An example. Subsetting for not NA values
Lets now use subsetting in an example that is very useful (and also quite common). Removing NA values from a data frame. The task we want to complete is, given a data frame (or a matrix), extract the instances (rows) that do not have NA values (holes). As with many cases, R already has a built-in function to check for lines in a matrix that do not carry NA values. This function is complete.cases() and can be invoked on a matrix m like this
ind<-complete.cases(m)
ind now is a vector that holds the line numbers of the data frame that fulfill the condition (not having a NA value). All we have to do now is to ask for a subset of m with the rows held in ind
mm<-m[ind,]
And we are done! A clean data set.
And finally. The subset function
A number of things in R can be done with the use of predefined functions. Subsetting is not an exception. There is a specific subsetting function called subset().
subset() combines the use of all types of subsetting (numerical, logical and structural) in data frames with named columns. It also makes use of logical operators to combine subsetting commands in a single. An example may be seen with a default R dataset called "airquality". "airquality" is structured data in a data frame concerning information on ozone, solar radiation, wind and temperature for a number of dates organized by month and day. To have a better view of its contents simply type
head(airquality) Ozone Solar.R Wind Temp Month Day 1 41 190 7.4 67 5 1 2 36 118 8.0 72 5 2 3 12 149 12.6 74 5 3 4 18 313 11.5 62 5 4 5 NA NA 14.3 56 5 5 6 28 NA 14.9 66 5 6
Notice how there are holes in the data with a number of NA values. Suppose now that we want to obtain a slice of the data that we contains all dates with a temperature higher than 60 degrees and a wind of 10 knots or more. We would type
dates<-subset(airquality, Temp > 60 & Wind>=10)
Observe how the function works. We call subset() on the dataframe airquality asking that a combined condition is fulfilled, so as Temp>60 AND Wind>=10. The logical "AND" is coded by the ambersand "&" symbol. Alternatively, had we wanted to keep the dates with either Temp>60 OR Wind>=10 we would have asked for
dates<-subset(airquality, Temp > 60 | Wind>=10)
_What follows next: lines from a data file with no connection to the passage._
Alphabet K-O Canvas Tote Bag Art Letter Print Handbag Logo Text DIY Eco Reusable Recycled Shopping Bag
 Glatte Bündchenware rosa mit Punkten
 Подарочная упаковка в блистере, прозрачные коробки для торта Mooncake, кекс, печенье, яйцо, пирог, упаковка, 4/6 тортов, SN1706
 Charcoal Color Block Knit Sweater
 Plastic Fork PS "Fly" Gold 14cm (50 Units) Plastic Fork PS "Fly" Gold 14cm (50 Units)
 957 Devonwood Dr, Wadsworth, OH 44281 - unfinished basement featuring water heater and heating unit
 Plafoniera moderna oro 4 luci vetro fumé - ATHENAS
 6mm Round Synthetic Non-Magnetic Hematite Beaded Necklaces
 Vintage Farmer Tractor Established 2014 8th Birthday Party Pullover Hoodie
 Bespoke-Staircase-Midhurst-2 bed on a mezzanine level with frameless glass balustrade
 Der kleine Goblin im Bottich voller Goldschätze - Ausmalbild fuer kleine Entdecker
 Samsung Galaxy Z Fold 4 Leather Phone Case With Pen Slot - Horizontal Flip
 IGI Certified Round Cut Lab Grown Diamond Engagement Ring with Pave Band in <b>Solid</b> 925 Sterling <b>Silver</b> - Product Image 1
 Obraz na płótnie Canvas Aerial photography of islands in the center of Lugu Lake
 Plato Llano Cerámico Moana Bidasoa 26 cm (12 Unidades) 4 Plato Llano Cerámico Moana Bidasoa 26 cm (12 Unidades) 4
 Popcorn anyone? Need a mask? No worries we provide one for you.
in which case the logical "OR" is coded with the bar symbol "|".
Think about the case where we would have wanted mutual exclusion of conditions (e.g. Temp>60 "AND NOT" Wind>=10). In this case we would have to think a bit more and code for an equivalent condition. That would be Temp>60 & Wind<10 (inverting the condition on wind).
Finally, subset can also incorporate structural subsetting in the form of retaining specific parts of the data. In the case e.g. that we would have wanted to keep only the dates (that is month and day) fulfilling the above condition (that is dropping the meteorological data) all we need to do is to use the select argument of subset(). The command would now be:
dates<-subset(airquality, Temp > 60 & Wind<10, select = c(Day, Month)) head(dates) Day Month 1 1 5 2 2 5 7 7 5 10 10 5 11 11 5 12 12 5
Notice how we have complete freedom to manipulate the data frame in terms of ordering of its vectors. In this example we choose to show Days before Months although their order was the other way round in the initial data frame.